King, he said, is determined to halt unauthorized immigration.

“When you’re country is being invaded, you stop it with military power, and we’re not doing that,” Hamann warned.

King repeatedly has caused uproars over his unfiltered remarks.

“White nationalist, white supremacist, Western civilization — how did that language become offensive?” King asked the New York Times in January.

In 2018 King spoke the “Great Replacement” — a white supremacist conspiracy theory — to an Austrian publication.

Charlie MacNider, a retiree in the small town of Clear Lake who erected a Trump 2020 sign on his front gate, said he “reluctantly” supports King.

“He says stupid things (and) shares with the president a tendency to say things that don’t come out correctly,” MacNider acknowledged.

But he refused to accept that Trump’s or King’s rhetoric is fueling white nationalism.

“And nationalist feelings are not necessarily a bad thing,” he said.

District 4 is wide-open farmland, with few major urban centers and a demographic even whiter than the already overwhelmingly white state of Iowa.

It’s usually a safe seat for the Republican who runs for Congress, especially an incumbent, said Professor Tim Hagle of the University of Iowa.

King’s controversy may reach a breaking point, Hagle added, but he stressed that Trump’s and King’s rhetoric was being viewed differently across the political spectrum.

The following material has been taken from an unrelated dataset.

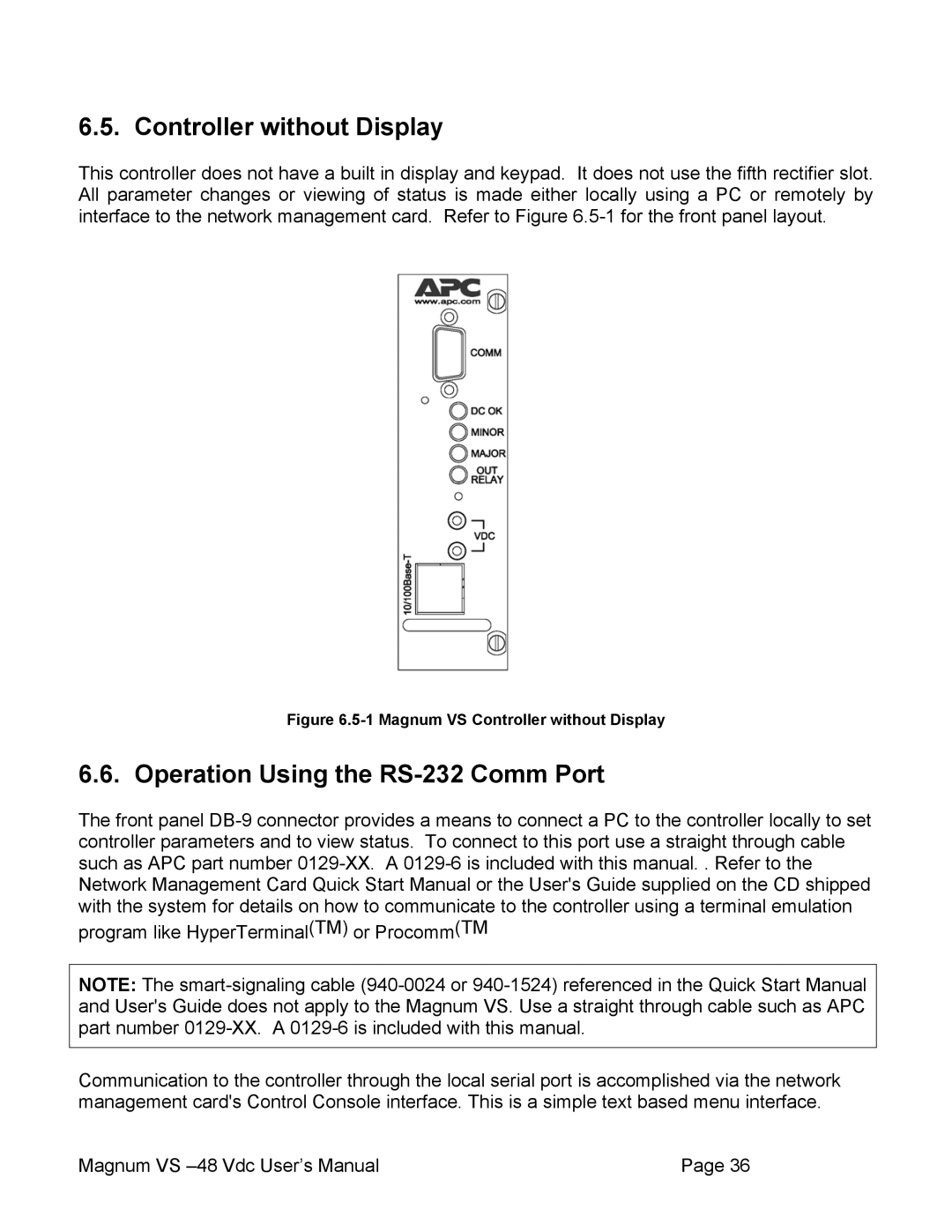 APC VS 50, VS 100 user manual Controller without Display, Operation Using the RS-232 Comm Port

“Democrats have a pretty clear view (that the rhetoric is racist), while Republicans have a different perspective,” said Hagle.

– ‘We expect to win’ –

With Iowa the first in the nation to vote in the presidential nominations process, the state is under a bright political spotlight.

On Friday night all eyes were on District 4, as 20 Democratic presidential candidates including frontrunner Joe Biden piled into Clear Lake for a Democratic dinner.

As each took the stage to make their case, their campaign volunteers put on fierce and vocal displays of dancing and cheering for hours outside the venue, half a block from MacNider’s Trump sign.

King appears to be under threat, perhaps as never before.

Last year Democrat JD Scholten came within three points of defeating him, in a district where Republican voters heavily outweigh Democrats. He’s challenging King again in 2020.

“Last time we hoped to win. This time we expect to win,” Scholten, 39, said.

“We have 16 months to change those minds.”

Before facing Scholten, King needs to survive a primary featuring three fellow Republicans including Jeremy Taylor, supervisor of Woodbury County.

Taylor, 41, said he does not believe King is openly racist, but that he has been “unguarded” on how he speaks about race and culture.

“I think that there are times that Steve King has not been careful, and has committed unforced errors, and by doing so that’s hurt the conservative cause,” Taylor said.

Some Trump supporters quietly acknowledge concern about King and the president’s racial rhetoric.

One woman who voted for Trump in 2016, who did not want to be identified discussing sensitive political issues, expressed worry that Trump’s ugly tweets may indeed give license to racist behavior or language.